Panel endorses gambling bill

? A bill allowing casinos in five areas and slot machines at dog and horse tracks won the endorsement of a Senate committee Wednesday, with supporters pitching it as a way to raise new dollars for education.

The bill would set aside the state’s revenues from the new gambling for public schools. Supporters estimated the bill would raise $150 million during the fiscal year beginning July 1.

The Ways and Means Committee’s voice vote sent the bill to the Senate for debate. It was the first significant legislative action on gambling this year.

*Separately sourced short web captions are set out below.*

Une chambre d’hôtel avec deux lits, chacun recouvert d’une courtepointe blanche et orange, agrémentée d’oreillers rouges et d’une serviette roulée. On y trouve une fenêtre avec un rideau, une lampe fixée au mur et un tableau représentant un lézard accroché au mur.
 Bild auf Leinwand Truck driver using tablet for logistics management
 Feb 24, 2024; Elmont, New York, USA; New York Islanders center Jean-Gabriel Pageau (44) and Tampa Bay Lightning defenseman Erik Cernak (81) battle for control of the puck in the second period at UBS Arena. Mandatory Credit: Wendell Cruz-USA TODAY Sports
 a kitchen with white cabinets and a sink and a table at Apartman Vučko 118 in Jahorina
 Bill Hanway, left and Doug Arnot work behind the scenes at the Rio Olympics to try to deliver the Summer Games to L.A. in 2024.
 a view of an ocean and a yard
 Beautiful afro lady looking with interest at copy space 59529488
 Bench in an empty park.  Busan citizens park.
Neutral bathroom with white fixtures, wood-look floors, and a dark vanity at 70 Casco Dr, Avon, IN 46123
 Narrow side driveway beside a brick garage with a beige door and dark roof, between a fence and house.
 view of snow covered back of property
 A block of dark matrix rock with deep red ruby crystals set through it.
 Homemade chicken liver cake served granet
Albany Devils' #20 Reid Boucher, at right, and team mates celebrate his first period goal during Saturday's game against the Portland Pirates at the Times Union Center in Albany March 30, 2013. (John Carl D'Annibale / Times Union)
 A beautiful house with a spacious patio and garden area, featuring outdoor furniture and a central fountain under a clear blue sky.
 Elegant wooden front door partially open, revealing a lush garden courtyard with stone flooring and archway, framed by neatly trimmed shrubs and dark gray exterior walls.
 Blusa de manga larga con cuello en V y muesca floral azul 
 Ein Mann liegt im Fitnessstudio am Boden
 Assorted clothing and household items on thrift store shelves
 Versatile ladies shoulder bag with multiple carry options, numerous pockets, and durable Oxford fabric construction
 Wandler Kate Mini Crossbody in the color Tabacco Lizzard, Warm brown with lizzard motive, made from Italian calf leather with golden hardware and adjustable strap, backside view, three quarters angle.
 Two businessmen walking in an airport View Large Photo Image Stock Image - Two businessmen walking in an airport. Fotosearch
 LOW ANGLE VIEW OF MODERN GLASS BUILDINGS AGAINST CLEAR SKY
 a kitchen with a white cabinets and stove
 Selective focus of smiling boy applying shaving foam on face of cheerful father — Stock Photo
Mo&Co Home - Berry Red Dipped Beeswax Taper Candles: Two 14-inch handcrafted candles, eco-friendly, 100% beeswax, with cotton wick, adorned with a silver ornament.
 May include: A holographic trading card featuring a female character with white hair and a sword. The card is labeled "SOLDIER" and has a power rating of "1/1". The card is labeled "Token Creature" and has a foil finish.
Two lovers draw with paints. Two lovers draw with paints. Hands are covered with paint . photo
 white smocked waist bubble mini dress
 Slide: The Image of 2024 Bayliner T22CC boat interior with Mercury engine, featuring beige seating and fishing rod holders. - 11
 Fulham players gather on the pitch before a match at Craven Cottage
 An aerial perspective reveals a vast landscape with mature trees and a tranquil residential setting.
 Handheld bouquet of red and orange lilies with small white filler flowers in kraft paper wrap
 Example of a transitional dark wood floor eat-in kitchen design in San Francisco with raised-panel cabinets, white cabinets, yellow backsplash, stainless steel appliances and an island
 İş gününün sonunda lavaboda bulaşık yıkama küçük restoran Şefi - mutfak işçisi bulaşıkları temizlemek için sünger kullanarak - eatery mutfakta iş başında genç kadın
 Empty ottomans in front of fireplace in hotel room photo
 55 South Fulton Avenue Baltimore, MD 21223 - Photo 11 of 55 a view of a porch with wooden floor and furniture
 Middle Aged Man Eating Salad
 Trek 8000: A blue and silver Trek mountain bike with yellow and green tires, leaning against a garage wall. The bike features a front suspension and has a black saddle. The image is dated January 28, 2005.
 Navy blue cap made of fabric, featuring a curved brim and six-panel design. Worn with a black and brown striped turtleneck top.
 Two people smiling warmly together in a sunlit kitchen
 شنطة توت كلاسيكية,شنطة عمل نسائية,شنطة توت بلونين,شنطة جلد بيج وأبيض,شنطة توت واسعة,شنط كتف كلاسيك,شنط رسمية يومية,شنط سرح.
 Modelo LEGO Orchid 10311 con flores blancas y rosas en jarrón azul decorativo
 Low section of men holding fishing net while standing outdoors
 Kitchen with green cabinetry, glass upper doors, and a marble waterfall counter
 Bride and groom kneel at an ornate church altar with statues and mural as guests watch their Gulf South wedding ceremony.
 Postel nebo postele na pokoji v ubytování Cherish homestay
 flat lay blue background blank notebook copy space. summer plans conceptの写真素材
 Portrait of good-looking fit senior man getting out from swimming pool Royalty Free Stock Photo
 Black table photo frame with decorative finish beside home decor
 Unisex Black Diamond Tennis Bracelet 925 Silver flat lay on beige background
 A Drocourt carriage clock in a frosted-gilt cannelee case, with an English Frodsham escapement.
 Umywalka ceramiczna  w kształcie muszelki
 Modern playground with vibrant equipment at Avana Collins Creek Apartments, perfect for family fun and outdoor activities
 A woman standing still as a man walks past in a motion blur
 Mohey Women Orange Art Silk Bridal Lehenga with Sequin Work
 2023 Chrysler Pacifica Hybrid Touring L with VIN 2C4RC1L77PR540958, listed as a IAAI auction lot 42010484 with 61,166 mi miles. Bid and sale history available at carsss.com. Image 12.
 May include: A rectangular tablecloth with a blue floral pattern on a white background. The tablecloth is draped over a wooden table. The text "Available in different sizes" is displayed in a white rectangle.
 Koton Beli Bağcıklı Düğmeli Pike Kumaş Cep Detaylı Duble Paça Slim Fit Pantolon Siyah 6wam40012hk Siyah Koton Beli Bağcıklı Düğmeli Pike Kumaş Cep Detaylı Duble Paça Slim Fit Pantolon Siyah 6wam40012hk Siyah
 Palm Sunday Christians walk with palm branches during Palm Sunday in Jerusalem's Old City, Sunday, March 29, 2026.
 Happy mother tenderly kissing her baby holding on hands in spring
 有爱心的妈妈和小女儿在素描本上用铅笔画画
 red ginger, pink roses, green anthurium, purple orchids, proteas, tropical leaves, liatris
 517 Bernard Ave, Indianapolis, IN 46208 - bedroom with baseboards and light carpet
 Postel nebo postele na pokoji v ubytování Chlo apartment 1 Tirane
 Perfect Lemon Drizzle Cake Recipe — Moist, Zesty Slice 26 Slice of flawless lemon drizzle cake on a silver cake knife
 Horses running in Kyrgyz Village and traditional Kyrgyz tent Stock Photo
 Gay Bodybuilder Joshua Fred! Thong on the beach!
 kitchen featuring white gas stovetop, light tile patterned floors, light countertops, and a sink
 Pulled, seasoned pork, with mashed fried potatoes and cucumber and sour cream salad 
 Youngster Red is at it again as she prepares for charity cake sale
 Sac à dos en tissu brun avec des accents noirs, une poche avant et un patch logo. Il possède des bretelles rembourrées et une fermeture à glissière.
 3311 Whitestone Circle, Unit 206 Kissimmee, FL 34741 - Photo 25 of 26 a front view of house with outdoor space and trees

Republican leaders had said the measure would stay in committee unless supporters could demonstrate it would pass the Senate, but on Wednesday, they weren’t sure their chamber would even debate the measure this year.

Local officials, prospective developers and racing groups have been pushing for an expansion of legal gambling for more than a decade, but their efforts have failed. Gov. Kathleen Sebelius supports an expansion, and proponents had hoped pressure to find additional money for schools would help their efforts.

But some education officials are wary of the Senate committee’s bill, quickly nicknamed “Slots for Tots.” Mark Tallman, a lobbyist for the Kansas Association of School Boards, said education officials worry that if gambling revenues are dedicated to schools, legislators will stop considering education’s needs, figuring they’ve addressed them.